Desde setembro de 2004, cerca de 40 crianças e jovens,
de nove a 17 anos, participam de atividades de interpretação,
dança e música, além de apresentações
de peças teatrais no Centro Cultural de Santa Maria.
A proposta, de acordo com Tereza, é discutir a questão
do preconceito ainda tão vigente no país e valorizar
o que há de melhor nestes adolescentes. Nesta primeira
etapa do projeto, o grupo focou em ações para
melhorar a auto-estima dos participantes, que, segundo a diretora,
tinham um olhar muito triste, com histórias de vida
sofridas.
"Vimos que não era possível já
oferecer oficinas preparadas sendo que eles tinham a auto-estima
lá embaixo. Algumas crianças apanhavam dos pais
e tinham até acompanhamento do SOS. Precisávamos
antes trabalhar aspectos como a importância de se gostar,
de se sociabilizar. É um trabalho difícil, mas
você consegue observar a mudança de visão
de vida mesmo. Eles têm muita força de vontade,
só precisam de oportunidade", avalia.
Jeferson Maciel Silva, 16 anos, por exemplo, participa há
cinco meses do projeto e já percebe transformações
no seu comportamento e também no dia-a-dia. O jovem
teve de se dedicar mais à escola, melhorar as notas
que poderiam reprová-lo de ano, para poder continuar
no projeto. Hoje, ele se apaixonou pelo teatro e pretende
seguir carreira na área. "Antes eu não
dava muito valor para os estudos. Agora sei que preciso me
dedicar aos dois. Eu me emociono muito com o teatro e vou
fazer o possível para crescer na vida", conta
o adolescente, que aponta ainda ter uma nova visão
da cidade após o projeto: "Agora podemos mostrar
que aqui, em Santa Maria, não tem só marginais
e vândalos como as pessoas gostam de dizer".

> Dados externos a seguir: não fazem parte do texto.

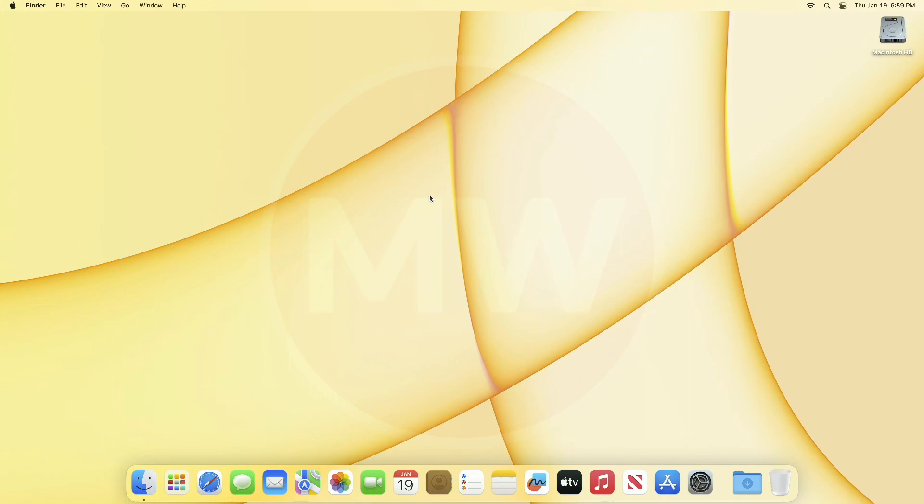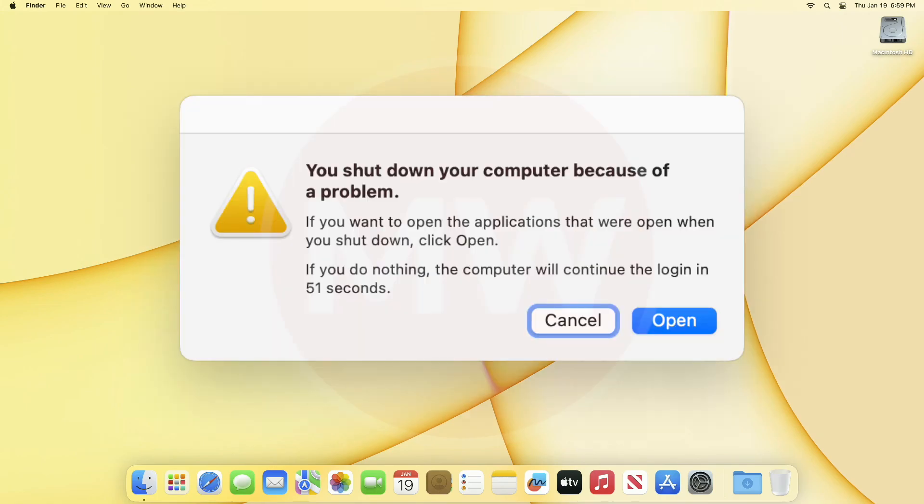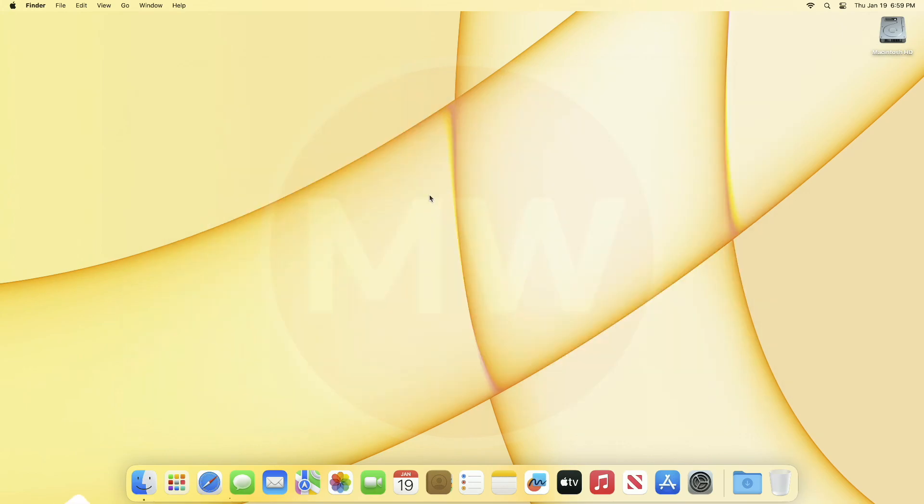Hey guys, welcome back to Macintosh Weekly. Today in this video I'm gonna show how to fix the error 'you shut down your computer because of a problem' during the startup on Mac OS.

"O interessante é que o projeto despertou o
interesse do povo da cidade para a arte. Um senhor violeiro,
por exemplo, tirou o violão de dentro de casa e foi
para as ruas tocar, apesar de falarem que é um lugar
perigoso. As pessoas começaram a se movimentar",
completa a atriz. Em sua opinião, esse é um
dos grandes benefícios que a arte traz: união,
integração, energia. "O teatro, principalmente,
consegue juntar as pessoas de diferentes realidades. É
fabuloso isso. As pessoas precisam mais dessa humanização
que a arte traz consigo. Se as pessoas tiverem a oportunidade
de ter essa ligação com as coisas belas, muita
coisa irá mudar", acredita.
A partir de março, as crianças e jovens da
cidade começarão a participar de oficinas de
Interpretação e Expressão Corporal; Musicalização;
Máscaras, Bonecos e Adereços Cênicos;
Criação, execução e costura de
figurinos; Maquiagem para teatro; Iluminação;
Cenografia; e Sonoplastia. Com isso, o projeto irá
oferecer oportunidade de profissionalização
aos jovens. Alguns que já se destacaram nas atividades,
como Angélica Rodrigues, 21 anos, tiveram a oportunidade
de fazer apresentações teatrais remuneradas
em empresas da região. A garota pretende agora se dedicar
às oficinas, principalmente, de interpretação
e dança, que são as que mais chamam a sua atenção.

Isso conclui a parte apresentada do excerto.